--- DATASET EXTRACT Enclosed Below ---
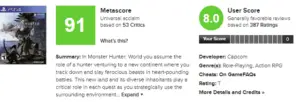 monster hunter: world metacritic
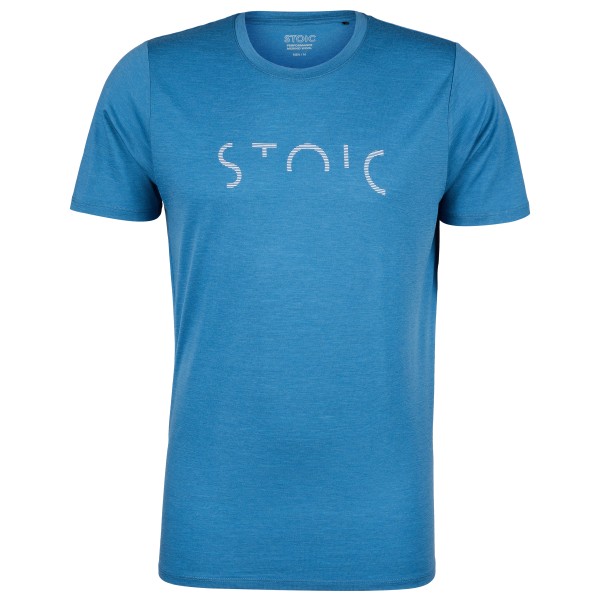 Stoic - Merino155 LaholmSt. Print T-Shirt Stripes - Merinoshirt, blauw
--- End of Enclosed DATASET EXTRACT ---
--- DATASET EXTRACT Enclosed Below ---
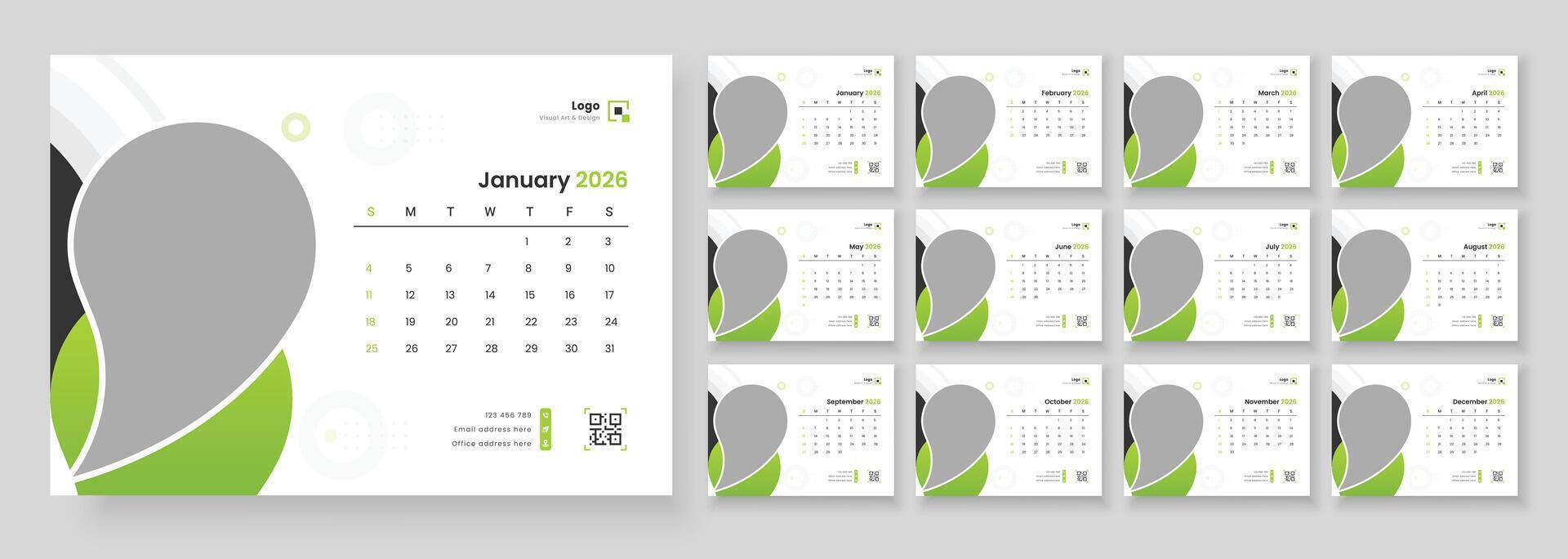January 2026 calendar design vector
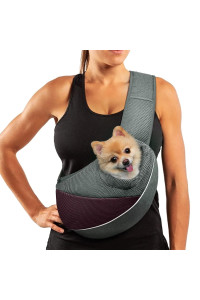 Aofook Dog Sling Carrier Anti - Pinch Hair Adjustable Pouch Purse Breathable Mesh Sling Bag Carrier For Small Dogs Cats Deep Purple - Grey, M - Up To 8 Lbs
--- End of Enclosed DATASET EXTRACT ---
--- DATASET EXTRACT Enclosed Below ---
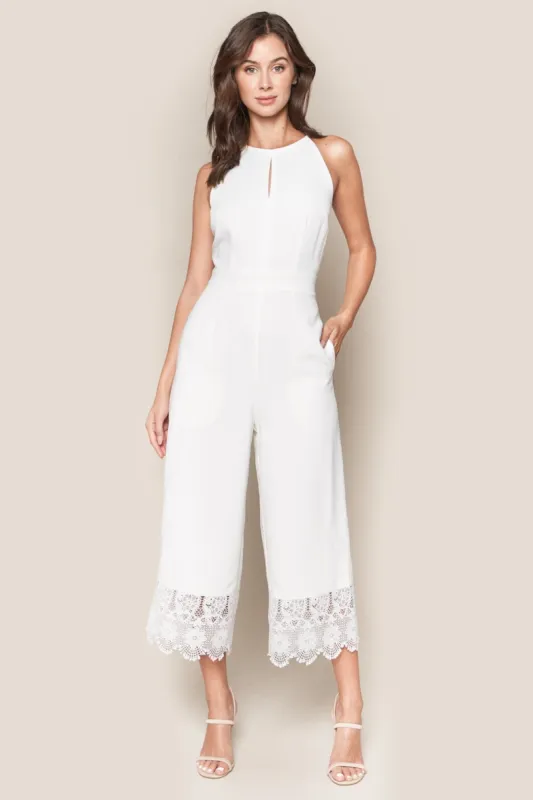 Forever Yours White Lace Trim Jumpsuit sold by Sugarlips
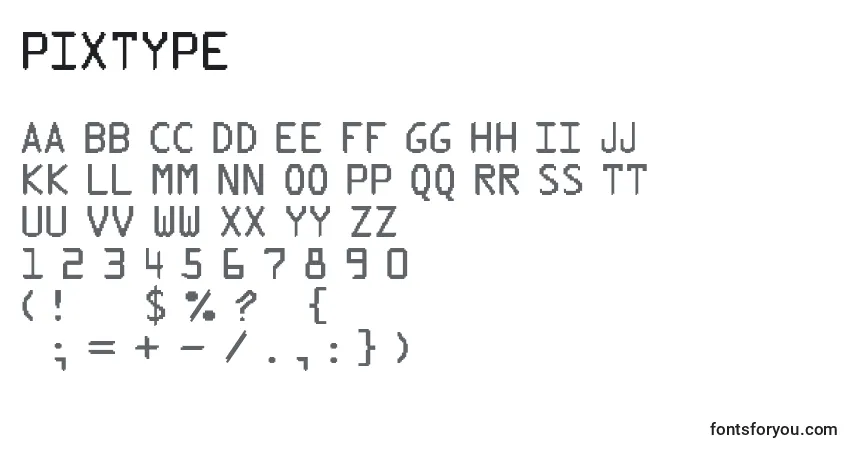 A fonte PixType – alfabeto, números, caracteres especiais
--- End of Enclosed DATASET EXTRACT ---
» **YOUR GOAL**
In the records above, find the line with "monster hunter: world metacritic" and the line with "Stoic - Merino155". Write out exactly those lines and every one between, with no pictures and no other lines.

» **TASK ANSWER**
 monster hunter: world metacritic
 Stoic - Merino155 LaholmSt. Print T-Shirt Stripes - Merinoshirt, blauw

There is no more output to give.